The following steps explain how to set GS File dependency:

  1. Enter the GS location in the format: gs://<bucket>/<folderinGSbucket>/<abc>-%Y-%m-%d-%H-%M-%S. For example: gs://abc.com/data/schedule-2014-12-31-00-00-00.

  2. Window Start and Window End defines the range of interval to wait for. The values are integers in units of time, hour/day/week/month/year.

    Enter the Window Start value. See Hive Datasets as Schedule Dependency for more information on the window start parameter. An instance runs waits for files for the specified time range. Window Start specifies the start of this range. For example if you set -1 as window start time that implies 1 hour before/previous day/week/month/year. If it is 2 hour/day/week/month/year before, the value of window start is -2 and so on.

    Note

    Qubole Scheduler supports strife format and unpadded values for specifying months. For example, January can be specified as only 1 and March can be specified as only 3.

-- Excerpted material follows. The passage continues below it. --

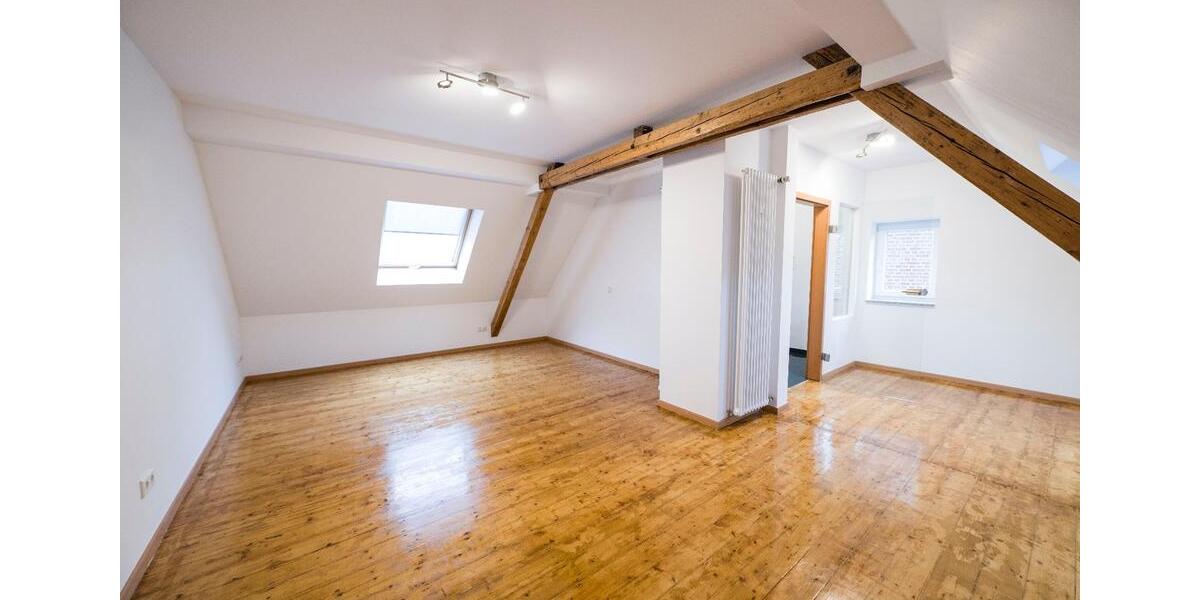Großzügige 2-Zimmer-Maisonette (77 m²) mit Dachterrasse frisch zimmer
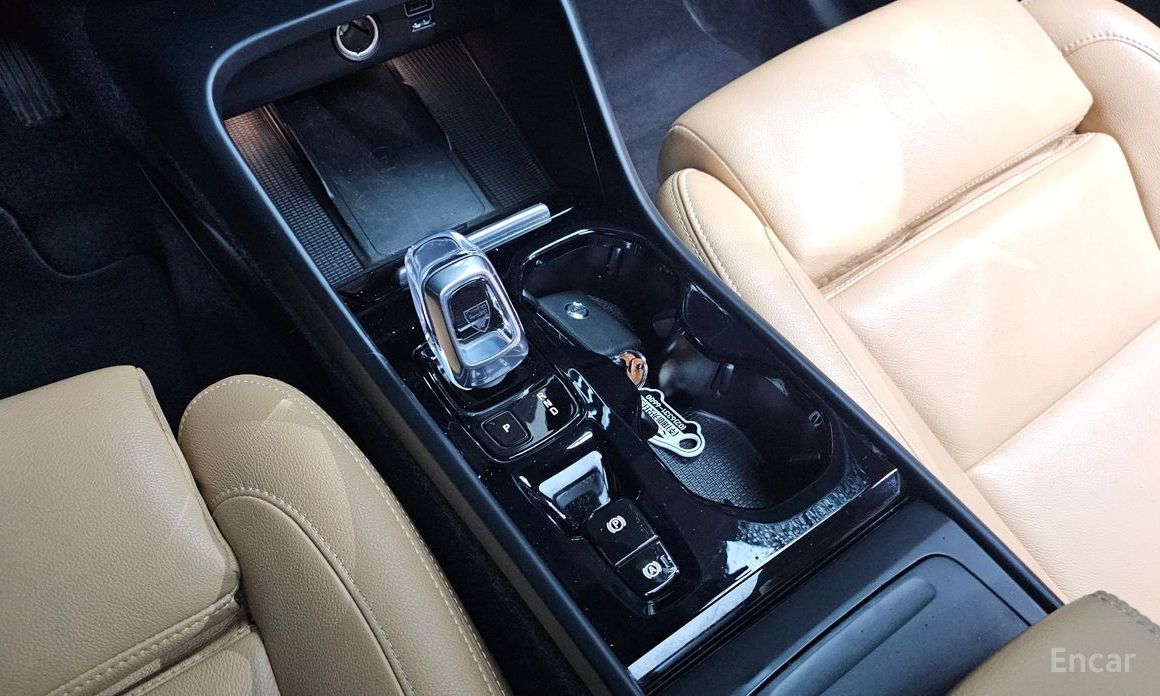2021 Volvo XC40 I B4 Inscription с пробегом 50 141 км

  3. Enter the Window End value. See Hive Datasets as Schedule Dependency for more information on the window end parameter. An instance runs waits for files for the specified time range. Window End specifies the end of this range. For example, if the interval is for 7 days and window start value is -6, the window end time is 0.

    The value 0 implies now, -1 implies 1 day ago, and -2 implies 2 days ago. Correspondingly, for hourly/daily/weekly/monthly/yearly interval (frequency), the value 0 denotes now. -1 denotes 1 hour/day/week/month/year ago. -2 denotes 2 hour/day/week/month/year ago and so on.

    Qubole Scheduler supports waiting for data. For example, waiting for 6 weeks of data implies that window_start is -5 and window_end is 0 when the frequency is weekly.

    An example is illustrated in the following figure.

    ../../../_images/WaitForgsFiles.png
  4. Configure Timeout in minutes to change the default/previously-set time.

Note

When the data arrival interval and the scheduler interval are different, then the scheduler interval follows its own frequency to process the data. For example, if the data arrival interval is hourly and the scheduler interval is daily, the scheduler waits for an entire day’s data.

Click +Add More to add a second file. Repeat steps 1-3 to enter the file details. Timeout is set only once as it is applicable to all files.

Click +Add More to add the number of files as per the periodicity/frequency of the schedule.